## TASK BRIEF
The answer must repeat every record exactly, with no pictures in it.
-- RECORDS TO PROCESS follows --
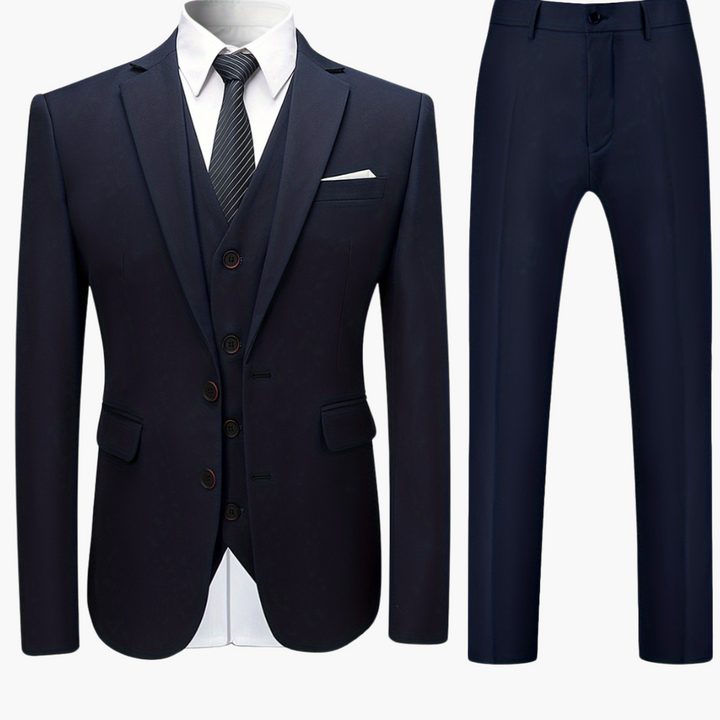 Single-Breasted Wedding Suit - Slim Fit 3-Piece Set for Men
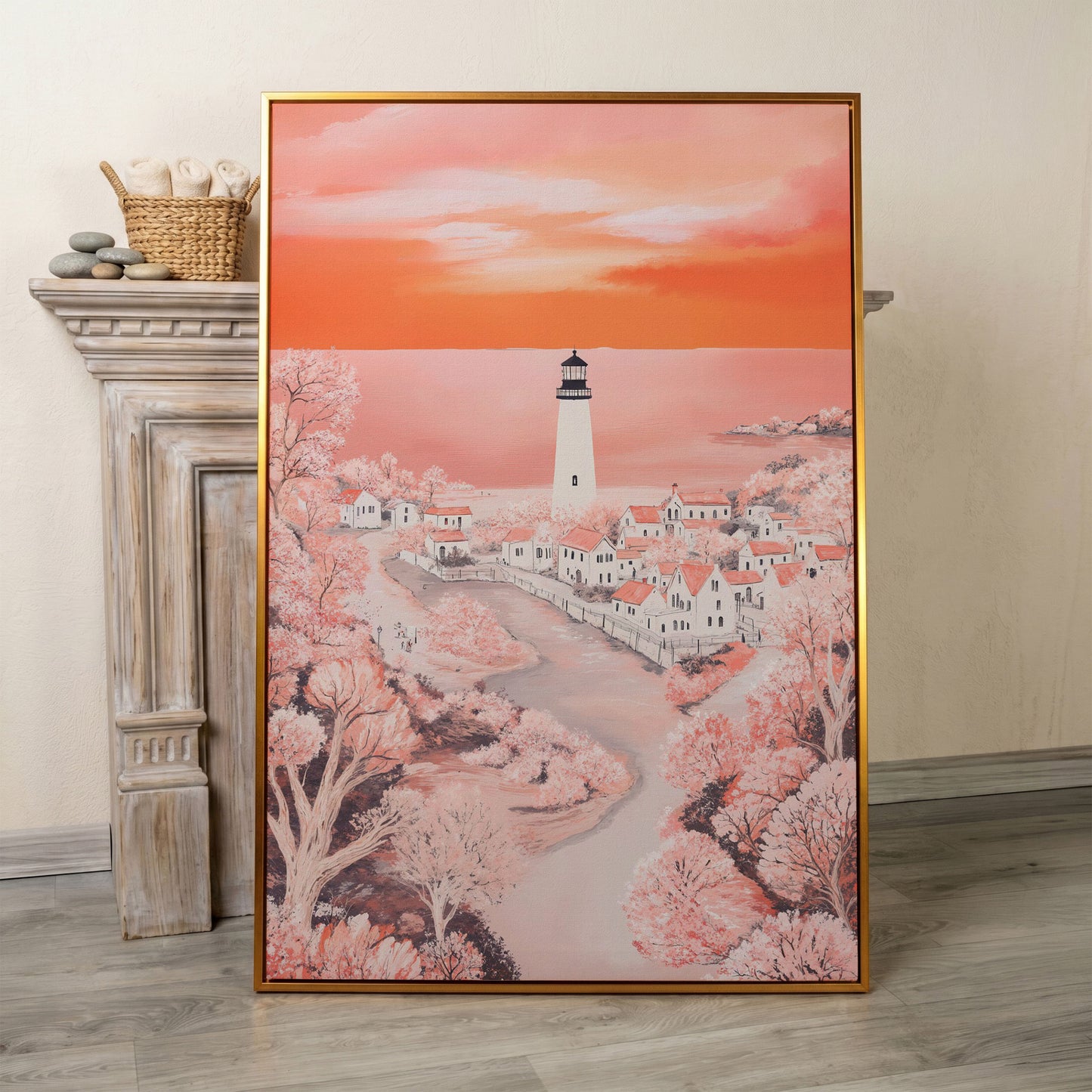 Lighthouse at Sunset, Coastal Town Canvas Wall Art in antique gold floating frame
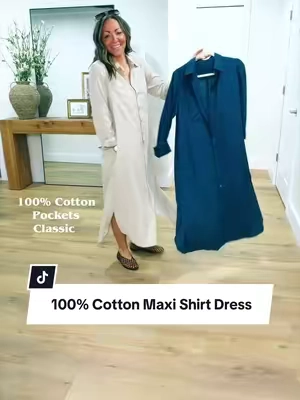 Timeless. Easy to style. Forgiving 🤌🏼 I’m 5’2” 130 in a Small #shirtdress #dresswithpockets #cottondress #modestfashion #maxidress @CHOUYATOU 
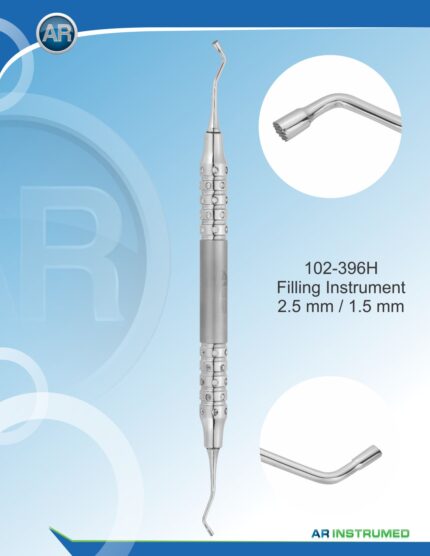 AR INSTRUMED Filling Instrument 1.5mm 2.5mm stainless steel dental restorative filling instrument 17cm hollow 10mm ergonomic handle composite amalgam placement contouring instrument Pakistan dental supplier wholesale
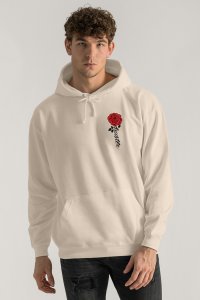 Hoodie in Ecru Color with Hustle Rose Print
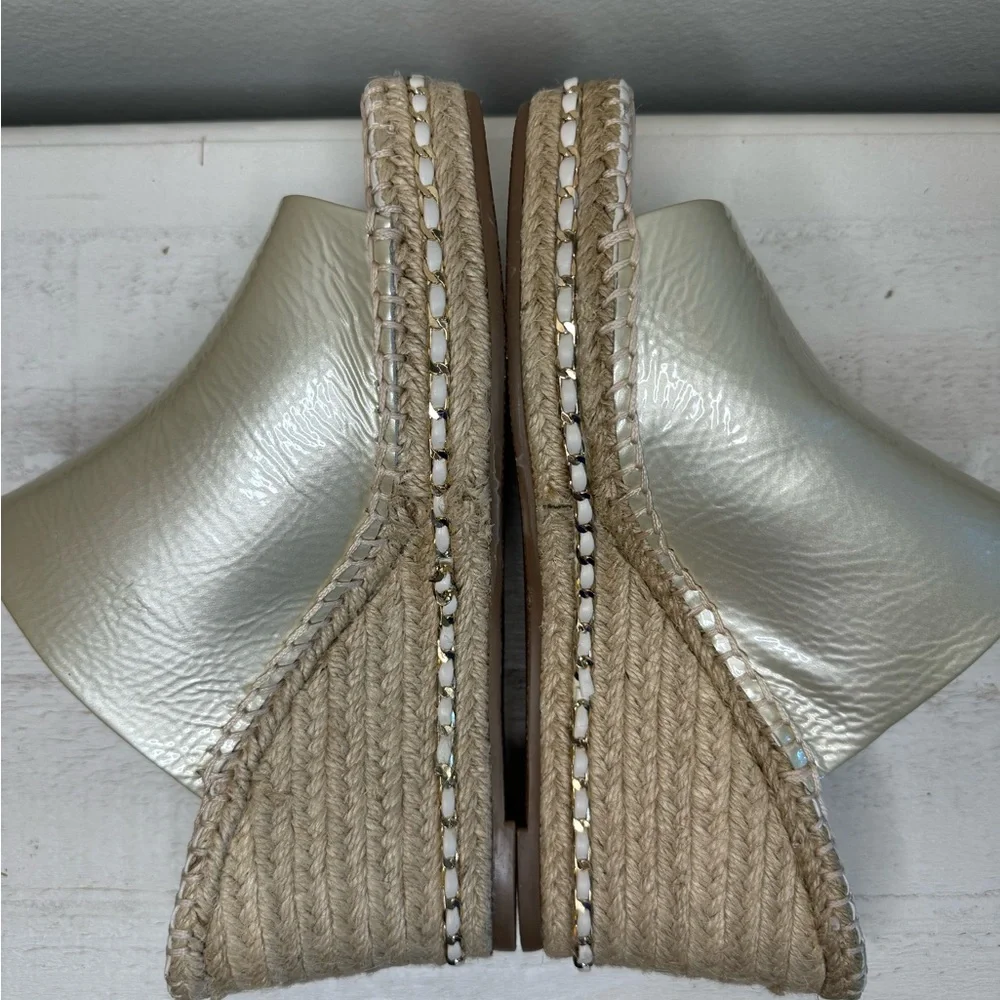 KARL LAGERFELD Paris Carina Slip On Open Toe Wedge Sandals Women’s 9.5 LIKE NEW - Picture 7 of 10
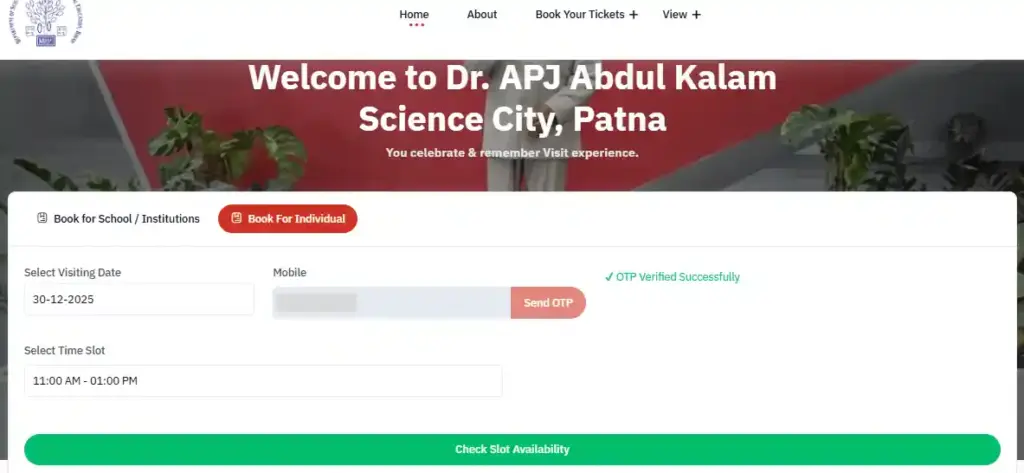 OTP verfiction for Dr. APJ Abdul Kalam Science City E-Booking Start 2026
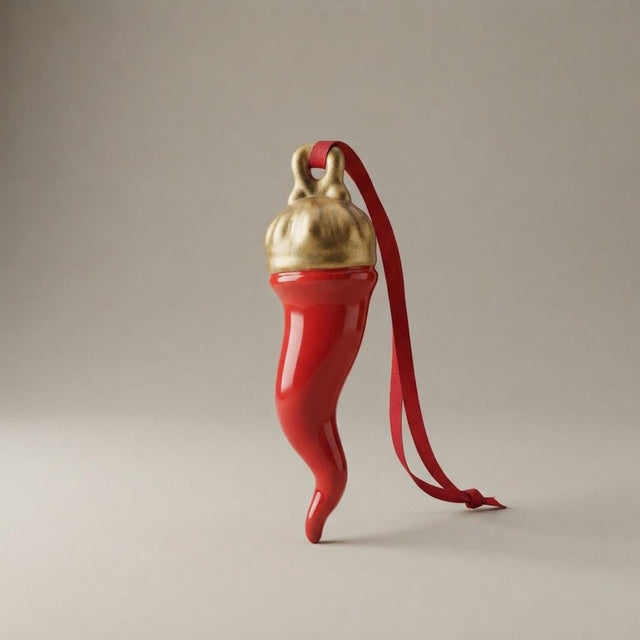 Good Luck Ceramic Horn 16 cm – Scarlet Red with Pure Gold Crown – Handmade Neapolitan Cornetto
-- RECORDS TO PROCESS concluded --
## ANSWER AREA
 Single-Breasted Wedding Suit - Slim Fit 3-Piece Set for Men
 Lighthouse at Sunset, Coastal Town Canvas Wall Art in antique gold floating frame
 Timeless. Easy to style. Forgiving 🤌🏼 I’m 5’2” 130 in a Small #shirtdress #dresswithpockets #cottondress #modestfashion #maxidress @CHOUYATOU 
 AR INSTRUMED Filling Instrument 1.5mm 2.5mm stainless steel dental restorative filling instrument 17cm hollow 10mm ergonomic handle composite amalgam placement contouring instrument Pakistan dental supplier wholesale
 Hoodie in Ecru Color with Hustle Rose Print
 KARL LAGERFELD Paris Carina Slip On Open Toe Wedge Sandals Women’s 9.5 LIKE NEW - Picture 7 of 10
 OTP verfiction for Dr. APJ Abdul Kalam Science City E-Booking Start 2026
 Good Luck Ceramic Horn 16 cm – Scarlet Red with Pure Gold Crown – Handmade Neapolitan Cornetto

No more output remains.